WHAT IS NEEDED –
Look for the word "Chevrolet" in the entries below, then copy every line that has it.

MATERIAL TO PROCESS –
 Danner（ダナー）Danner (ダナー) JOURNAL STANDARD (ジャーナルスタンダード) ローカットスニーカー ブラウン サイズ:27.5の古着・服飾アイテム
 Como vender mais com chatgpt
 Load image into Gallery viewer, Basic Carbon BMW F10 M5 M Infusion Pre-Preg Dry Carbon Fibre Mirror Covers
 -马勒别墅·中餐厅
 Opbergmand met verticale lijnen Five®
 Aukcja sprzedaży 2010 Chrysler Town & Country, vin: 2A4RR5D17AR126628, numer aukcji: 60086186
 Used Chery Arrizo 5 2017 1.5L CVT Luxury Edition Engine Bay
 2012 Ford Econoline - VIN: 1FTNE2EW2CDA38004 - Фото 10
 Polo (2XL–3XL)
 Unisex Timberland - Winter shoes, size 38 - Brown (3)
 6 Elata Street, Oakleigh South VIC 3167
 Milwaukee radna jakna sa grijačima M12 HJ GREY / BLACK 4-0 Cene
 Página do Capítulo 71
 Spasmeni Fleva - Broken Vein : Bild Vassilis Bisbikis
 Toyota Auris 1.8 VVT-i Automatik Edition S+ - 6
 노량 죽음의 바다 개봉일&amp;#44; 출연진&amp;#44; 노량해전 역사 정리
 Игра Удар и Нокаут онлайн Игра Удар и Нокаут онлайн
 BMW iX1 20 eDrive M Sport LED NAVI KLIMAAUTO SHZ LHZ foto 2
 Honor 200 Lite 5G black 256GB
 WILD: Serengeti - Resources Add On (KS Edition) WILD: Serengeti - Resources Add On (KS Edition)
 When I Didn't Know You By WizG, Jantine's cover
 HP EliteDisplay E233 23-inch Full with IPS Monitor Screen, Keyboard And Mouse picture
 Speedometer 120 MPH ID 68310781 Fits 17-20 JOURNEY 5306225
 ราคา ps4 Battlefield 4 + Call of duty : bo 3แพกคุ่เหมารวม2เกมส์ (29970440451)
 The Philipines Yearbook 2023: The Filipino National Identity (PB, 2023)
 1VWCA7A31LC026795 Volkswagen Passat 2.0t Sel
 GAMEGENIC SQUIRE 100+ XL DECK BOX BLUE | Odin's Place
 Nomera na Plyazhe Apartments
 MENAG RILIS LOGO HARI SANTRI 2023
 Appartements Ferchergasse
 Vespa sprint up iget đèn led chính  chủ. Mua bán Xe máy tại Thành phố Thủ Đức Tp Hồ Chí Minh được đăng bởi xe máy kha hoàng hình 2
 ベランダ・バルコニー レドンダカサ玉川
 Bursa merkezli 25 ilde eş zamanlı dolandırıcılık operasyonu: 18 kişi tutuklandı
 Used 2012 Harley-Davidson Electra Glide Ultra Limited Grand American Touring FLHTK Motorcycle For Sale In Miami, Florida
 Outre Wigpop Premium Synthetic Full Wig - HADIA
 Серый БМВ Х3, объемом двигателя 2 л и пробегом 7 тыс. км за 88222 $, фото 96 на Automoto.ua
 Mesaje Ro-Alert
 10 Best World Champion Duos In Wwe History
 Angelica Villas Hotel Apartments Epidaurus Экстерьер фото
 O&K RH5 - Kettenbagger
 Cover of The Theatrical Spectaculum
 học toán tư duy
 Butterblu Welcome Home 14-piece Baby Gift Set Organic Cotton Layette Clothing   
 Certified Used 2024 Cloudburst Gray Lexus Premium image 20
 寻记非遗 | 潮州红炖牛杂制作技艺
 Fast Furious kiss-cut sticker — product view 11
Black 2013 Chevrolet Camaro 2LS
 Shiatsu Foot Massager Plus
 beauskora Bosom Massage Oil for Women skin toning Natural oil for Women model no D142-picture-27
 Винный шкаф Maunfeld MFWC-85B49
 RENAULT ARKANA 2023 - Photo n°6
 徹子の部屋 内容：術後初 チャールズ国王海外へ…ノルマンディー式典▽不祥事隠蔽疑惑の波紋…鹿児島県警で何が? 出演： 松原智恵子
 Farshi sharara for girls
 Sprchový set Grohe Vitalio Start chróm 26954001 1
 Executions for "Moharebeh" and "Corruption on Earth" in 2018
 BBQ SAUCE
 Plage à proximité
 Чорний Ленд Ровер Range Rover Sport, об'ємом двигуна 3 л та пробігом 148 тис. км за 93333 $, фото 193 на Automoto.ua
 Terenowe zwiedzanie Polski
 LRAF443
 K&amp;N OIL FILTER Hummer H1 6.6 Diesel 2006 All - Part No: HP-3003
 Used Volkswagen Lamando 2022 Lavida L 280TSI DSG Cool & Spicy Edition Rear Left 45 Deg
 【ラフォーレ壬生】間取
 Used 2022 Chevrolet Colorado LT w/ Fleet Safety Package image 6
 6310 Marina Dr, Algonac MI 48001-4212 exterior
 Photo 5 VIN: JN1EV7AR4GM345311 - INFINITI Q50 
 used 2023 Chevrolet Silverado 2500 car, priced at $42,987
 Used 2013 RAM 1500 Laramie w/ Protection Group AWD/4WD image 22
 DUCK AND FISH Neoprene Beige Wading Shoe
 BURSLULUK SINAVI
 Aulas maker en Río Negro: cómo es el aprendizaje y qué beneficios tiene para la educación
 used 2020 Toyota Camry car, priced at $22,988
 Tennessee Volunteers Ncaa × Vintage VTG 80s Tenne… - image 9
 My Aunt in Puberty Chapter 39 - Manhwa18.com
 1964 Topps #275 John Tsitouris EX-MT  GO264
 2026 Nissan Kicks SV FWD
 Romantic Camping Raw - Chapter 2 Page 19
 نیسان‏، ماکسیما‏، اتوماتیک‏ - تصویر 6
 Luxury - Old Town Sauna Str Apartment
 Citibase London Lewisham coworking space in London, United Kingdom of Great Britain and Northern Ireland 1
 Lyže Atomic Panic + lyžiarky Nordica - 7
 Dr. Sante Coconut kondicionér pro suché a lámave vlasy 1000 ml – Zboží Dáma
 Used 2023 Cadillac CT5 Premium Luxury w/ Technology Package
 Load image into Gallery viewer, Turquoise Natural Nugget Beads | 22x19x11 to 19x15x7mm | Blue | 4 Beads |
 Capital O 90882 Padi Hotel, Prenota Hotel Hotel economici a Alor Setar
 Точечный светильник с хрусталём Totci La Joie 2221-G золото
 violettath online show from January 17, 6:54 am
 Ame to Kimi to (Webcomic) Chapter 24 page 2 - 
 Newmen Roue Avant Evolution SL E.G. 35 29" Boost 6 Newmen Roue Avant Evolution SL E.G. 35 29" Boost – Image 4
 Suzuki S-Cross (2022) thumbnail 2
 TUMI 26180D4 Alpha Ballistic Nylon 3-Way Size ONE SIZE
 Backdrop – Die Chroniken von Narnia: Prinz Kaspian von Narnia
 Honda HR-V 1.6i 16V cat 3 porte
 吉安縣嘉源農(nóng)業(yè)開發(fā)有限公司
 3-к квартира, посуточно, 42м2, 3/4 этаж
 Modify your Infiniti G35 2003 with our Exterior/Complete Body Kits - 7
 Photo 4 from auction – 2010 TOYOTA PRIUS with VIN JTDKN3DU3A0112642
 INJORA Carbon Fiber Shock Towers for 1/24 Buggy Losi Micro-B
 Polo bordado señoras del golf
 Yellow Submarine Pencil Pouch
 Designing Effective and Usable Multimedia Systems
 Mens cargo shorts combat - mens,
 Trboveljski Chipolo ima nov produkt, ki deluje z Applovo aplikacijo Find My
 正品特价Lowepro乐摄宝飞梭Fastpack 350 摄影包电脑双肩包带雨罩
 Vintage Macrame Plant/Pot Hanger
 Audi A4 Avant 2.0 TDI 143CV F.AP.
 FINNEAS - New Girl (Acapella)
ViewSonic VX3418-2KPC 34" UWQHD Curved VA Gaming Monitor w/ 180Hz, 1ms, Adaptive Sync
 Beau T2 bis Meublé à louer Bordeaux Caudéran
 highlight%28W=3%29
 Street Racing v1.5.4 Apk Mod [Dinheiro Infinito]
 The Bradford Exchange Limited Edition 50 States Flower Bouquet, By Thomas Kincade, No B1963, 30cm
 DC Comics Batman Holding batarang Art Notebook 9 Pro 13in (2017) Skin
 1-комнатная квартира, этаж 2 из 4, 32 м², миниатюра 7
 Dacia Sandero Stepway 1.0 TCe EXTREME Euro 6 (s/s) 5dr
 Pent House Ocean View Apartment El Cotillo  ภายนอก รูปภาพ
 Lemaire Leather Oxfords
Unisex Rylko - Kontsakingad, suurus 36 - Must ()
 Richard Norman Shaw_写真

REPLY TO THE TASK –
Black 2013 Chevrolet Camaro 2LS
 Used 2022 Chevrolet Colorado LT w/ Fleet Safety Package image 6
 used 2023 Chevrolet Silverado 2500 car, priced at $42,987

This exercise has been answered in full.